Singlet-only Always-on Gapless Exchange Qubits with Baseband Control

TL;DR

The paper introduces a new singlet-only always-on gapless exchange (SAGE) spin qubit that offers enhanced coherence and simplified control for quantum computing, overcoming limitations of conventional exchange-only qubits.

Contribution

It presents the SAGE qubit design that is protected from magnetic gradient errors and enables universal control with simplified two-qubit gate operations.

Findings

Coherence times improve by an order of magnitude under magnetic gradient noise.

Single-qubit gate infidelity is significantly reduced compared to conventional qubits.
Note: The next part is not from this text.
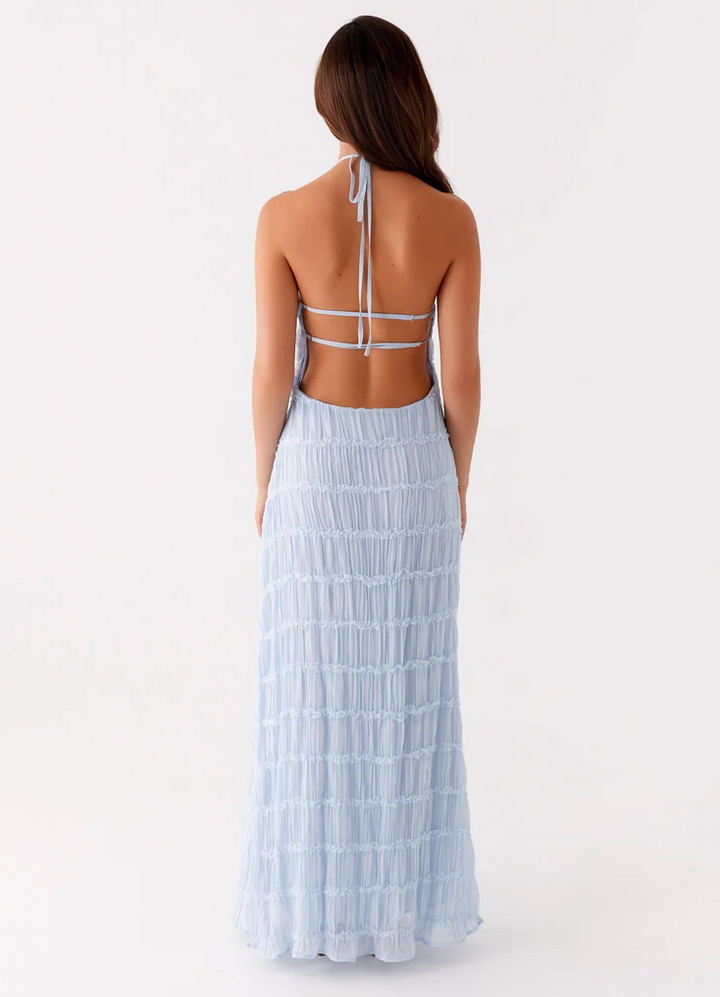 Malyzoria | Elegant Pleated Halter Maxi Dress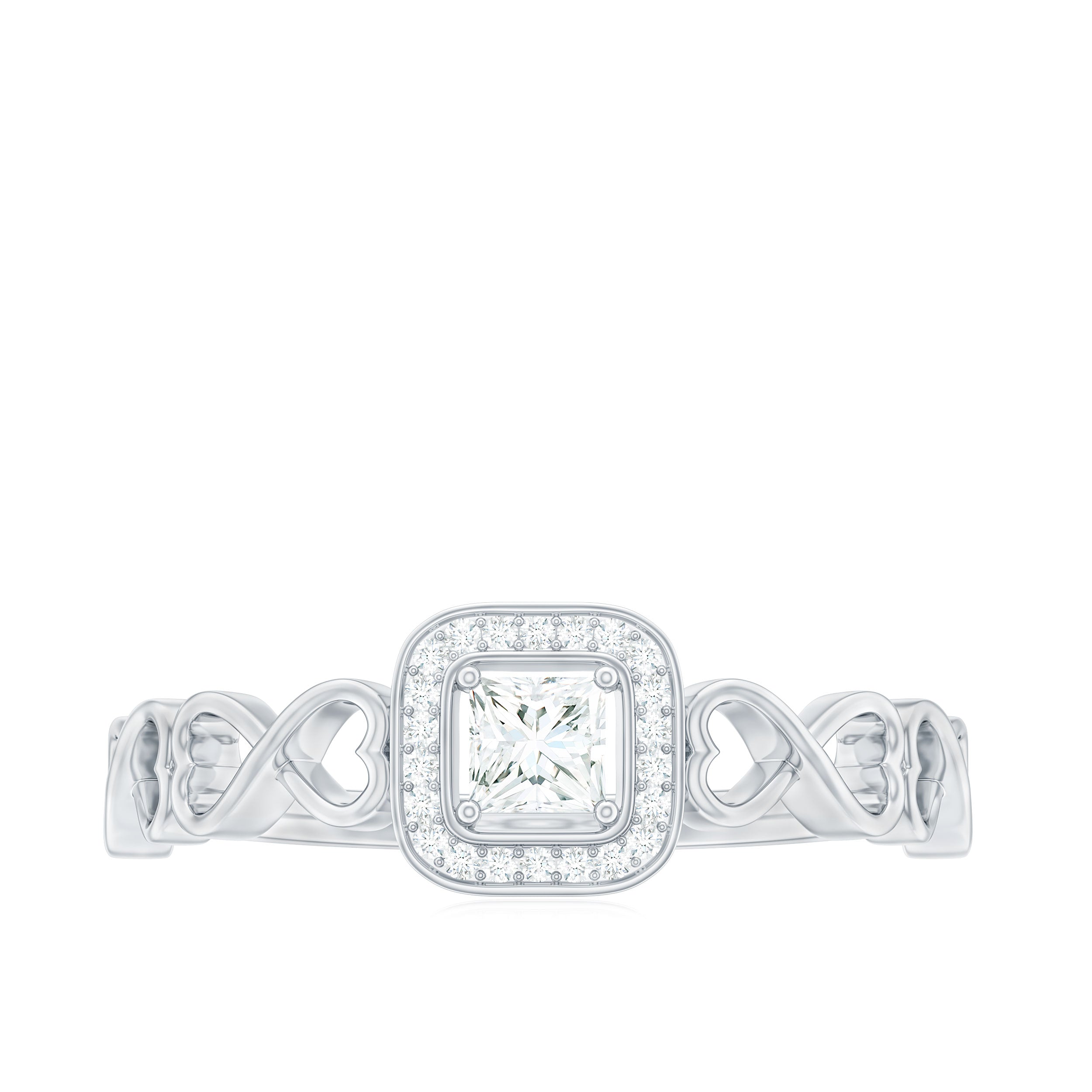 Certified Princess Cut Moissanite Infinity Engagement Ring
Two-qubit gates can be performed with a single exchange pulse, simplifying control sequences.

Abstract

We propose a singlet-only always-on gapless exchange (SAGE) spin qubit that encodes a single qubit in the spins of four electrons while allowing universal baseband control. While conventional exchange-only qubits suffer from magnetic-field-gradient-induced leakage and coherent errors, for instance due to local nuclear environments and variations in the $g$-factor, the SAGE qubit subspace is protected from coherent errors due to local magnetic field gradients and leakage out of the computational subspace is energetically suppressed due to the exchange interactions between electrons being always-on. Consequently, we find that when magnetic gradient noise dominates over charge noise, coherence times and single-qubit gate infidelities of the SAGE qubit improve by an order of magnitude compared to conventional exchange-only qubits. Moreover, using realistic parameters, two-qubit gates can be performed with a single interqubit exchange pulse with times comparable in duration to conventional exchange-only qubits but with a significantly simplified pulse sequence.